New Crops in the Garden

Our nephew Glenn spent a night with us on his way home so that was a special event. He was in a mood for ravioli and we hadn’t made any in quite a while so we feasted on another of Nancy’s miracle dinners. It’s easier to pull off than you might think since we have loads of sauce in the freezer and it just doesn’t take too long to whip up a batch of pasta. Usually when we make ravioli, it’s for a crowd and that becomes time consuming but with just three of us, a single batch was all it took and we could sit at the bar and chat as we were constructing them. That was followed by another great Sunday – a UCF basketball game that went into overtime, some premium IT time where my iPhoto and iTune files were transferred from the laptop to the mini, and dinner with Tom and Tina at Mi Mexico, our favorite Mexican restaurant.

Got up Monday morning and finished off prepping for the corn, planted a couple rows of the last lettuce seeds for the season and picked a few pounds of green tomatoes for Nancy’s green tomato cake. That pretty much takes care of last season’s tomato plants – all are doing their thing in the compost pile. As is the first planting of sugar snap peas that have been played out for a couple of weeks and just taking up space on the trellis. I’m going to plant a couple of cucumber seeds there this week and hope for a warm enough spring to bring them on earlier than usual. My next target area for early spring planting is a short row that has two Kohlrabi plants remaining, both pickable. I designated that for three or four cherry tomato plants and those are ready to go so before the end of Feb I’ll have them in their new home. It’s early but the 10 day forecast has nighttime temps in the 50’s and above so that should be fine – all of the plants have been fairly well hardened.

Also transplanted my first tomato plant, a cherry, for the season (after picking one of the Kohlrabi’s mentioned above). I gave this guy the full, ultimate treatment which included: digging an 18” diameter hole, 18” deep; lining the bottom with dried, dead grass a few inches thick; almost filling it with new compost; then chopping in my special fertilizer mix; and finally moving the plant from the yogurt container to the newly prepared spot. My special mix includes some regular 8x2x8 commercial fertilizer, crushed egg shells, bone meal, sugar, epson salts, and this year, a book of match heads. I don’t anticipate any damaging cold this season but I have a wall of water standing by just in case. I’ll give this one plant a week to make sure it survives before planting three more in the same row.

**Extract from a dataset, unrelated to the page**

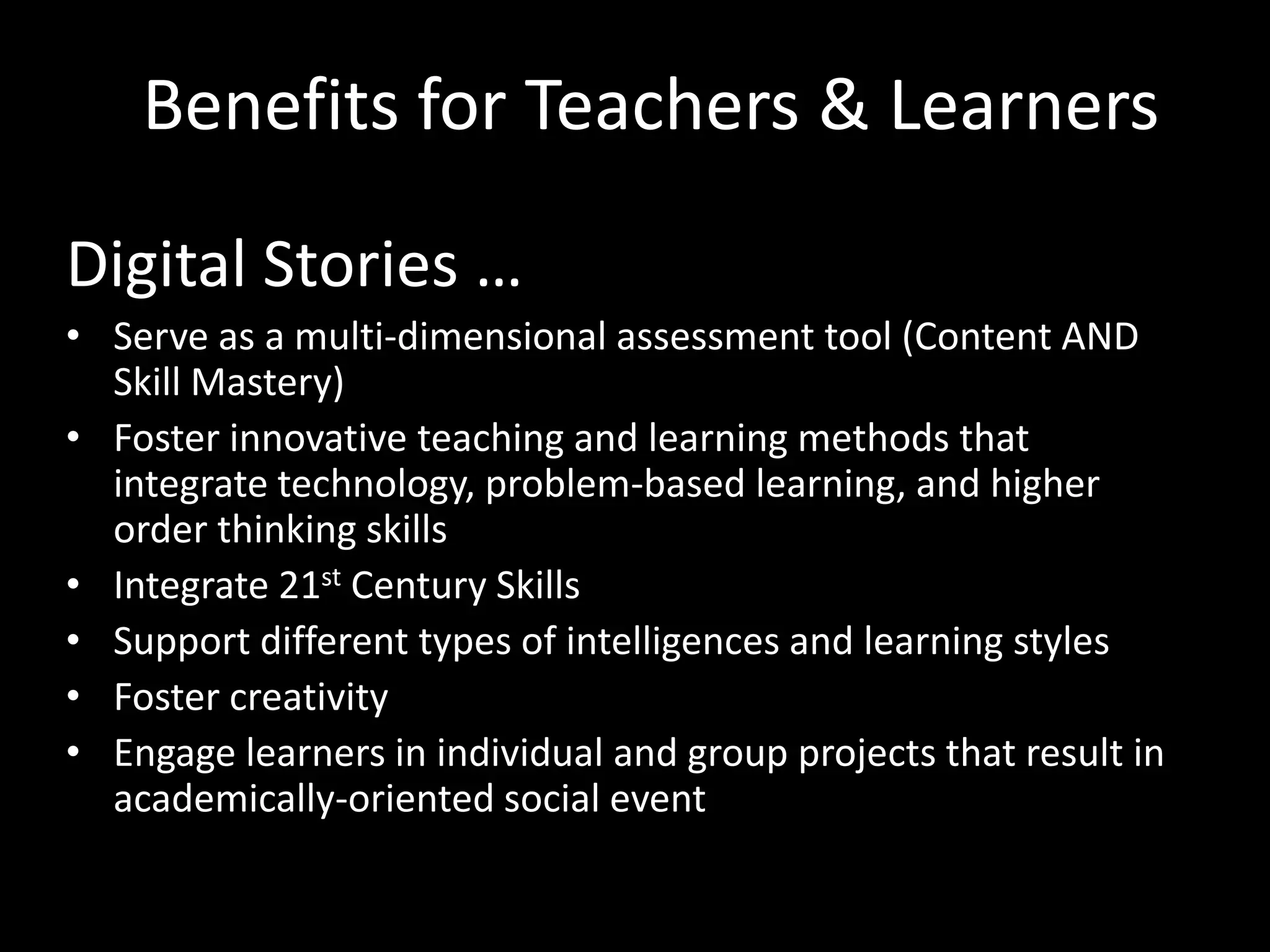 Benefits for Teachers & Learners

The celery I planted last week is looking good, 100% transplanting success. I learned something about growing celery that I never thought about. In the past what I’ve done is let the plants mature then harvest the whole thing. I guess that’s because it’s how we’re used to getting it from the grocery store. But the recommended approach is to cut off the outer stalks as needed and let the plant continue putting out new stalks. I do that with kale, collards, spinach, chard and lettuce but for some reason it never occurred to me to do the same with celery. If that works, instead of planting so many individual plants, I can get all the celery we need from a smaller chunk of real estate.